Allegheny High School, now the Allegheny Traditional Academy, has a complicated architectural history involving two notable architects at three very different times.

The original 1893 Allegheny High School on this site was designed by Frederick Osterling in his most florid Richardsonian Romanesque manner. This building no longer exists, but the photograph above gives us a good notion of the impression it made. The huge entrance arch is particularly striking, and particularly Osterling; compare it with the Third Avenue entrance of the Times Building, also by Osterling.

In 1904, the school needed a major addition.
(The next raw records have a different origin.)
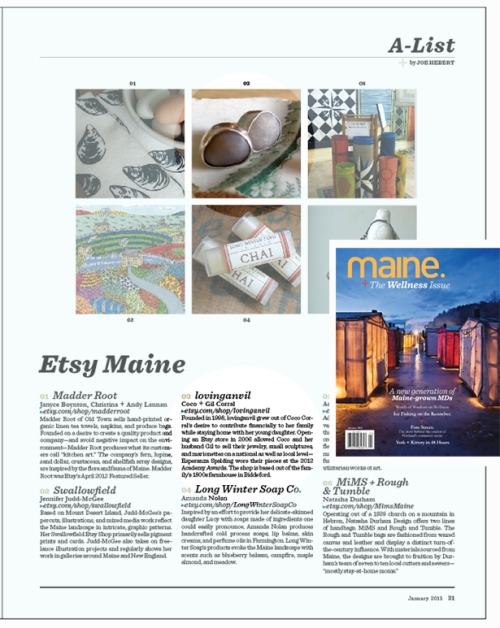 lovinganvil in the january 2013 issue of maine magazine.  article by joe herbert, photo credit, peter frank edwards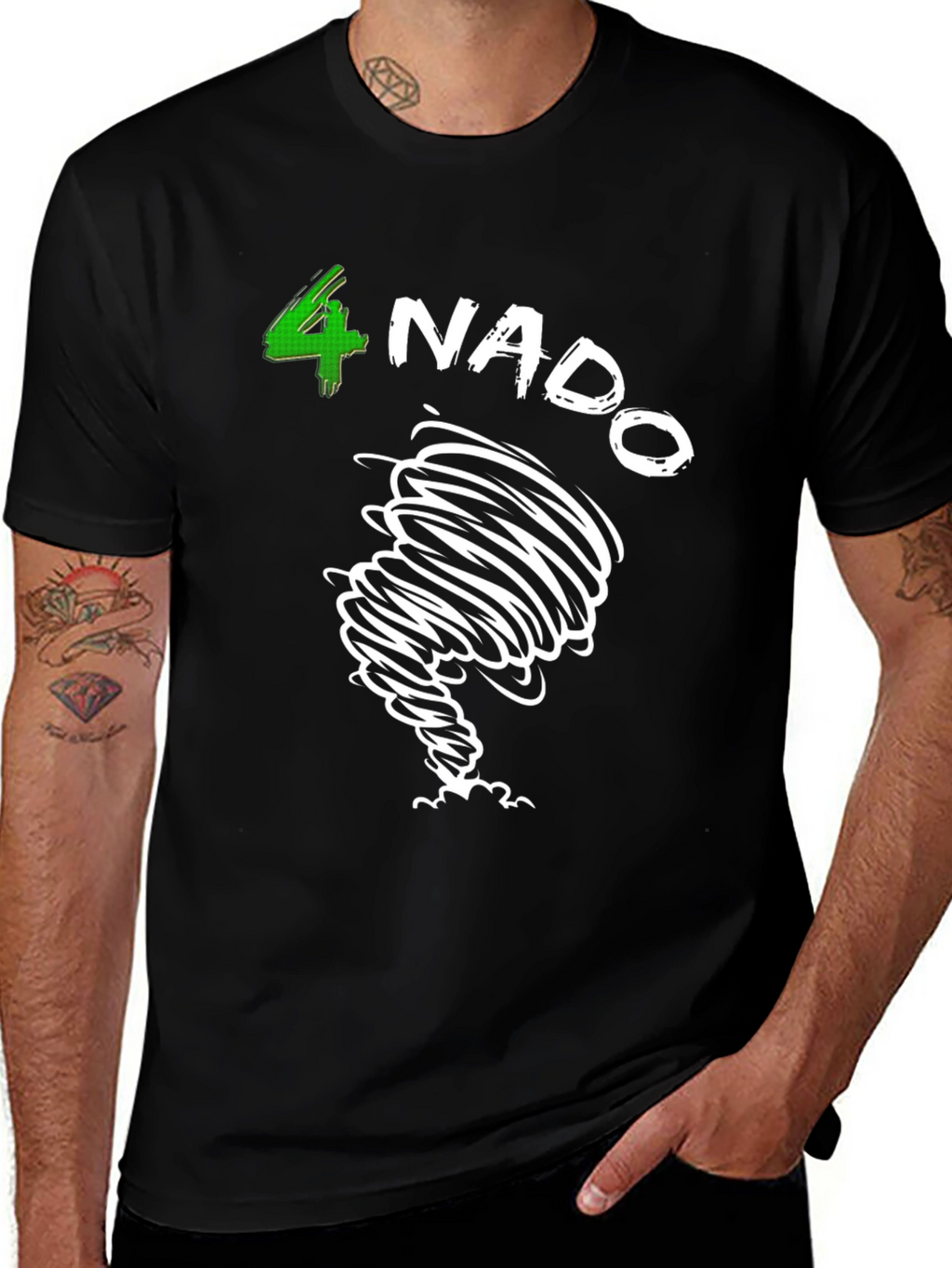4 Nado Tornado Graphic Black T-Shirt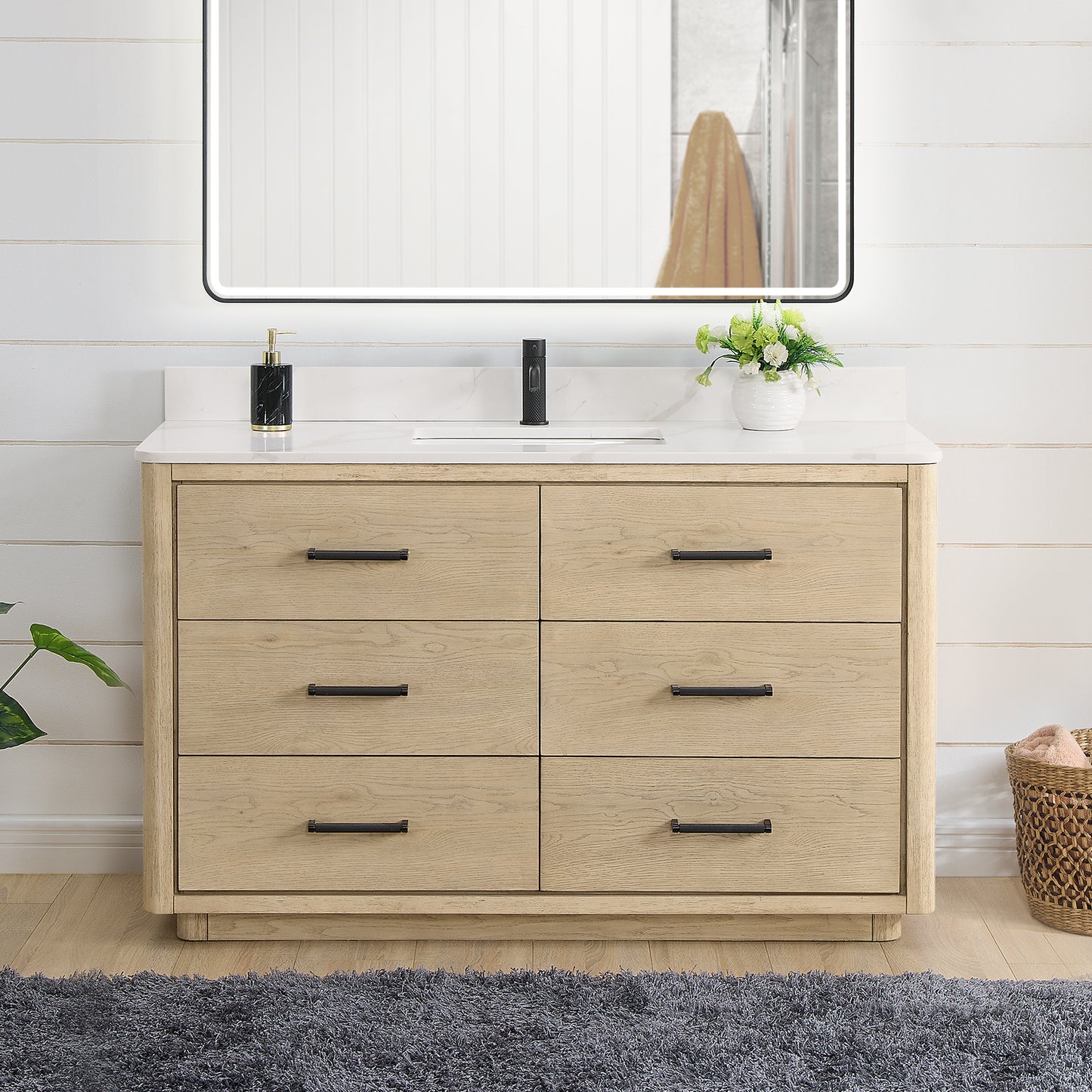 Porto 55" Free-standing Single Bath Vanity in Aged Natural Oak
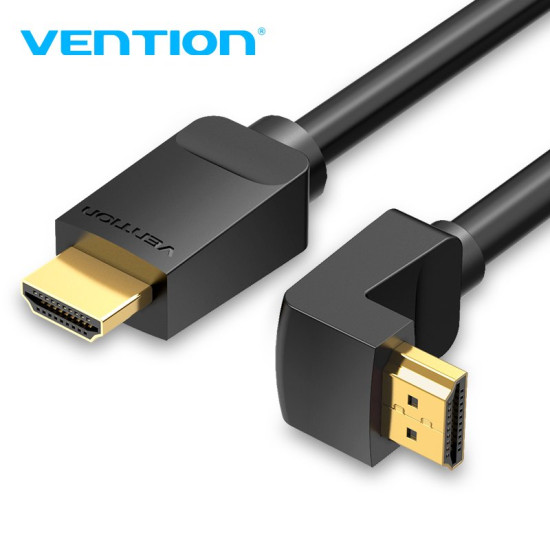 Vention Кабел HDMI Right Angle 270 Degree v2.0 M / M 4K/60Hz Gold - 1.5M Black - AAQBG Vention Кабел HDMI Right Angle 270 Degree v2.0 M / M 4K/60Hz Gold - 1.5M Black - AAQBG
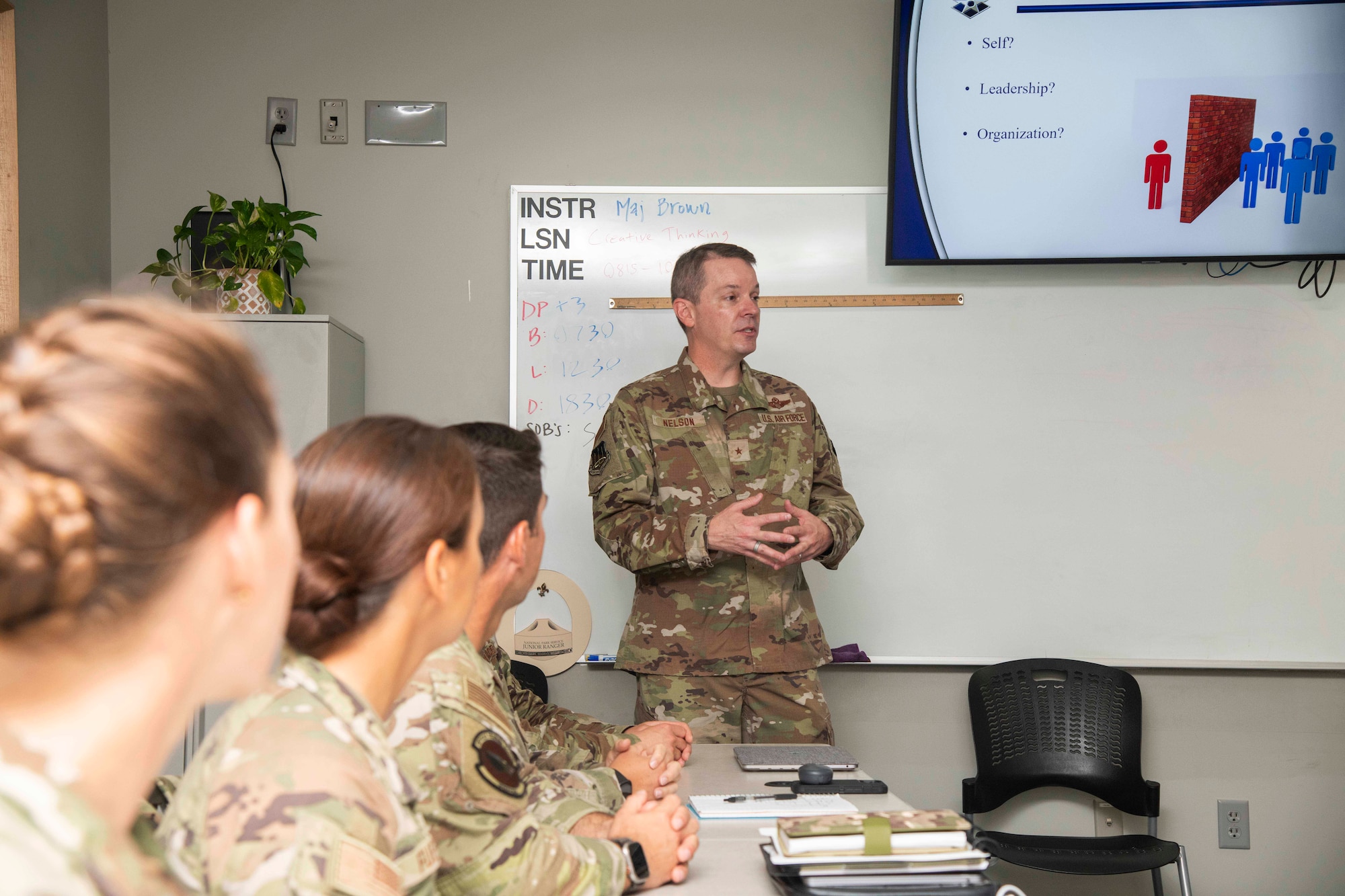 U.S. Air Force Brig. Gen. Jeffrey W. Nelson, commander of the Air Force Accessions Center and Air Force Recruiting Service at Joint Base San Antonio-Randolph, Texas, visits Officer Training School at Maxwell Air Force Base, Alabama, Aug. 19, 2025.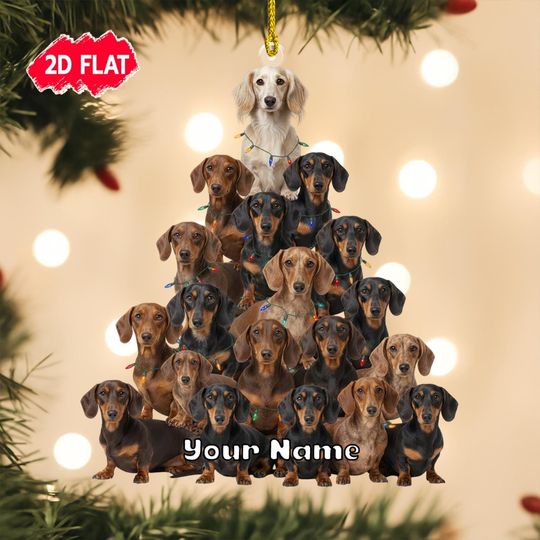 Discover Custom Name Dachshund Dog Christmas Ornament, Personalized Hanging Dachshund Ornament, Pets Ornament, Dachshund Lovers Gift 2025
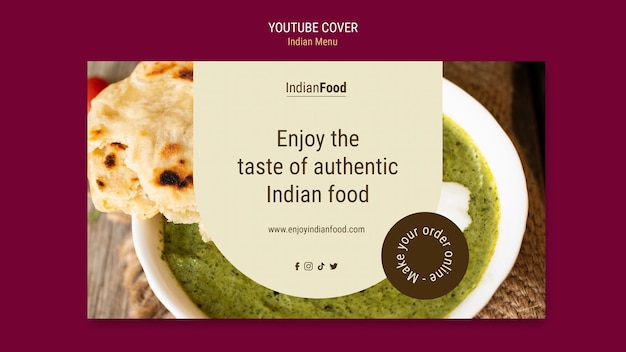 PSD gratuit conception de modèle de cuisine indienne élégante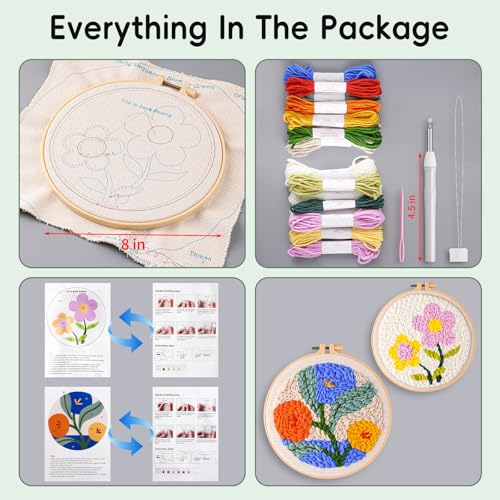 Fvbber Punch Needle Kits Adults Beginner, 2 Pcs DIY Easy Flower Embroidery Set with Patterns, Tools, Yarns, Hoop, Instruction for Home Decor, Craft Gift (Flower 1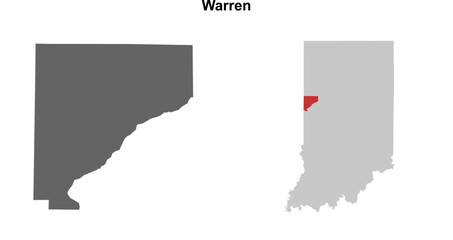 Fototapeta premium Warren County (Indiana) blank outline map set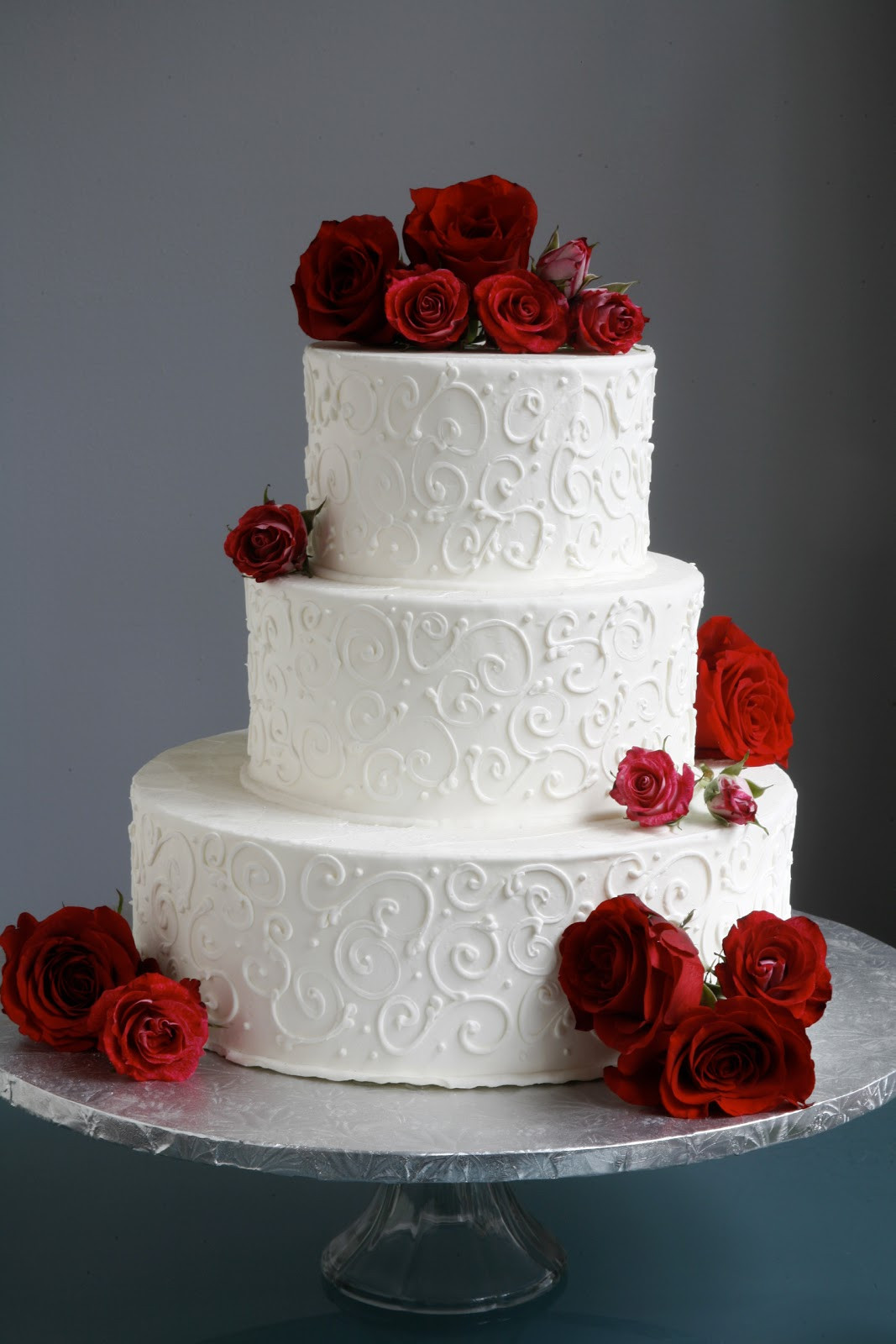 White And Red Wedding Cakes
 A Simple Cake Wedding Cake with Fresh Flowers From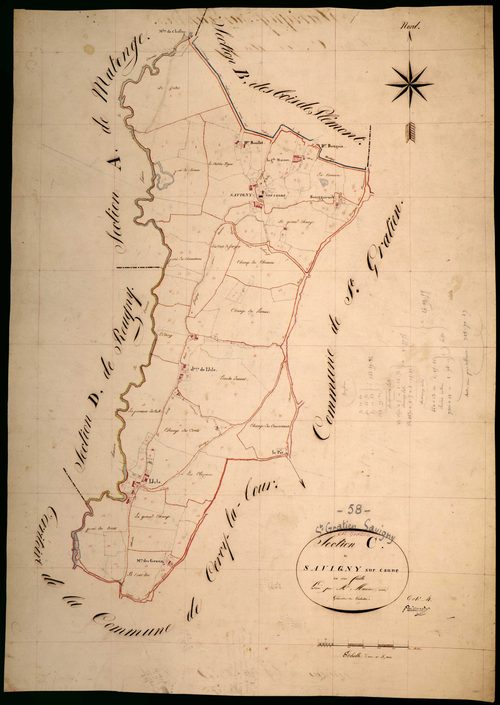 Saint-Gratien-Savigny, cadastre ancien : plan parcellaire de la section C dite de Savigny-sur-Canne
Again Osterling was called on, but by this time Richardsonian Romanesque had passed out of fashion, and Osterling’s own tastes had changed. The Allegheny High School Annex still stands, and Osterling pulled off a remarkable feat: he made a building in modified Georgian style that matched current classical tastes while still being a good fit with, and echoing the lines of, the original Romanesque school.


The carved ornaments on the original school were executed by Achille Giammartini, and we would guess that he was brought back for the work on the Annex as well.

A war memorial on the front of the Annex. Twenty-two names are inscribed. Everyone who went to Allegheny High in those years knew someone who was killed in the Great War.




By the 1930s, the school was too small again. The original school was torn down, and Marion Steen, house architect for Pittsburgh Public Schools (and son of the Pittsburgh titan James T. Steen) designed a new Art Deco palace nothing like the remaining Annex. The two buildings do not clash, however, because there are very few vantage points from which we can see both at once.







The auditorium has three exits, each one with one of the three traditional masks of Greek drama above it: Comedy, Meh, and Tragedy.